* _Work order_
Could you give the data that follows again exactly, without its pictures?

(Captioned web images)
========
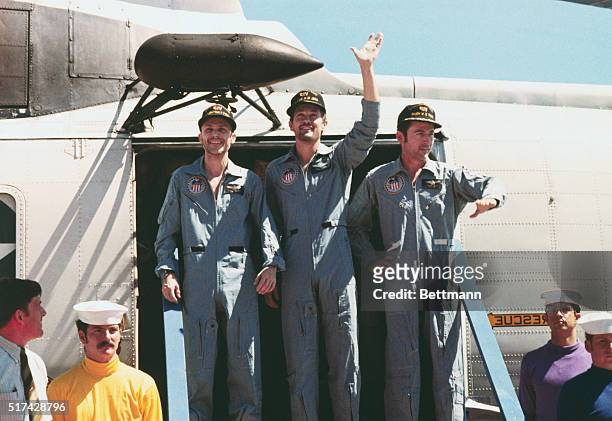Apollo 16 Pacific Recovery Area: Waving to well-wishers, Apollo 16 astronauts, l-r, John W. Young, Charles M. Duke, Jr., and Thomas K. Mattingly II...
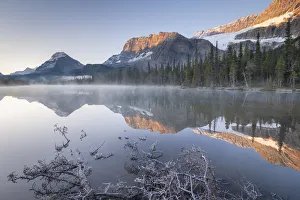 Morning mist burns off the still reflective waters of Bow Lake in the Canadian Rockies Morning mist burns off the still reflective waters of Bow Lake in the Canadian Rockies
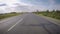 The car moves along the road along the field on a summer day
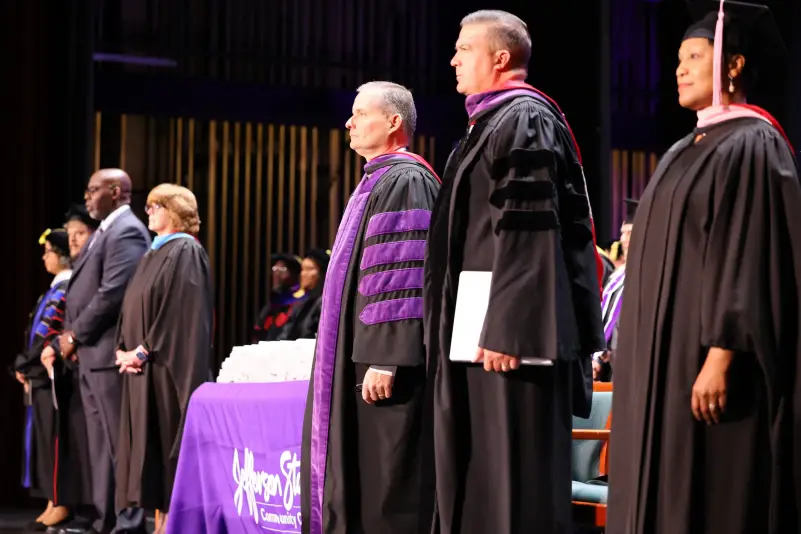President, faculty and Staff stand for graduation cermony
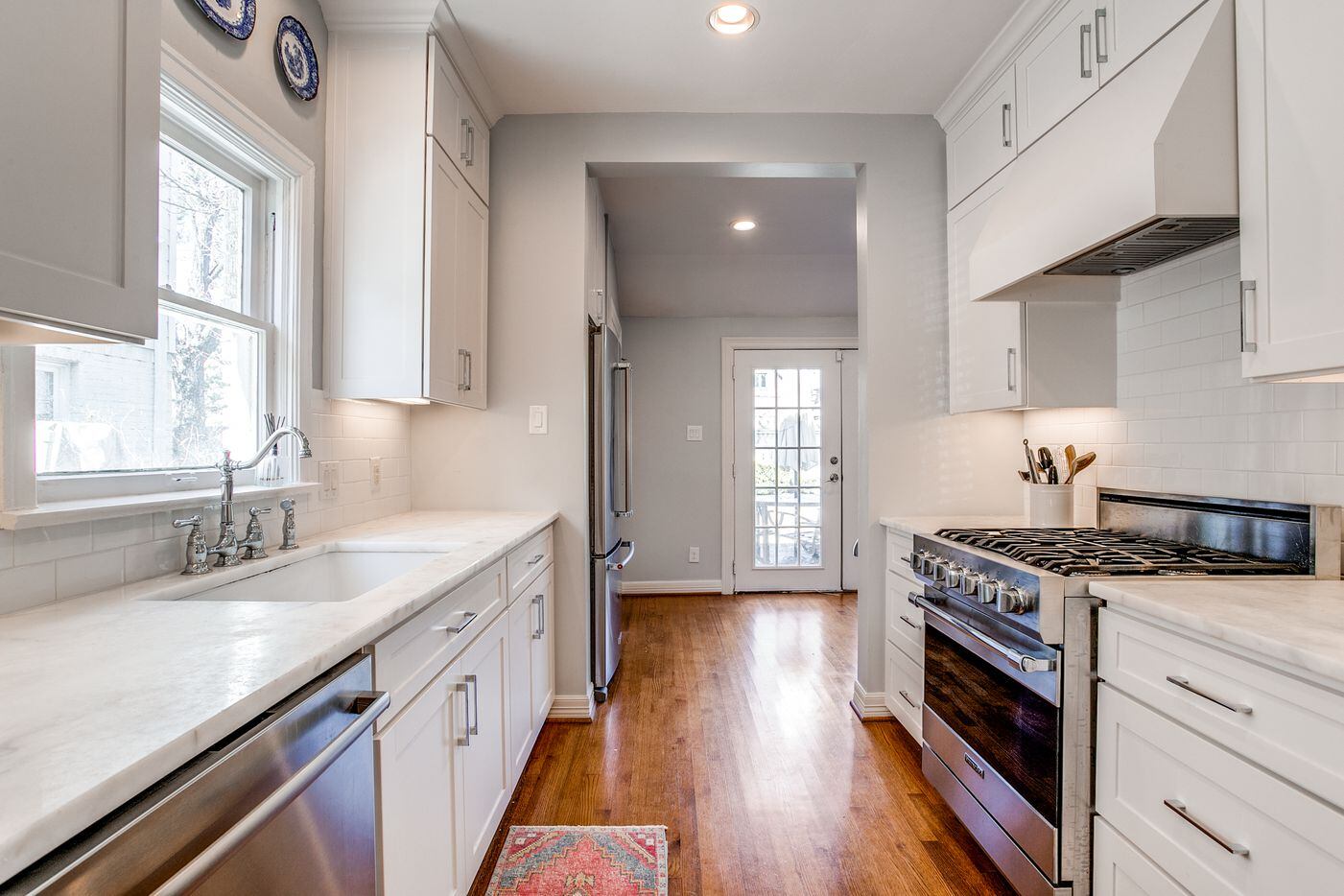 Find marble countertops and stainless-steel appliances in the renovated kitchen.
========
* _Expected answer_
Apollo 16 Pacific Recovery Area: Waving to well-wishers, Apollo 16 astronauts, l-r, John W. Young, Charles M. Duke, Jr., and Thomas K. Mattingly II...
 Morning mist burns off the still reflective waters of Bow Lake in the Canadian Rockies Morning mist burns off the still reflective waters of Bow Lake in the Canadian Rockies
 The car moves along the road along the field on a summer day
President, faculty and Staff stand for graduation cermony
 Find marble countertops and stainless-steel appliances in the renovated kitchen.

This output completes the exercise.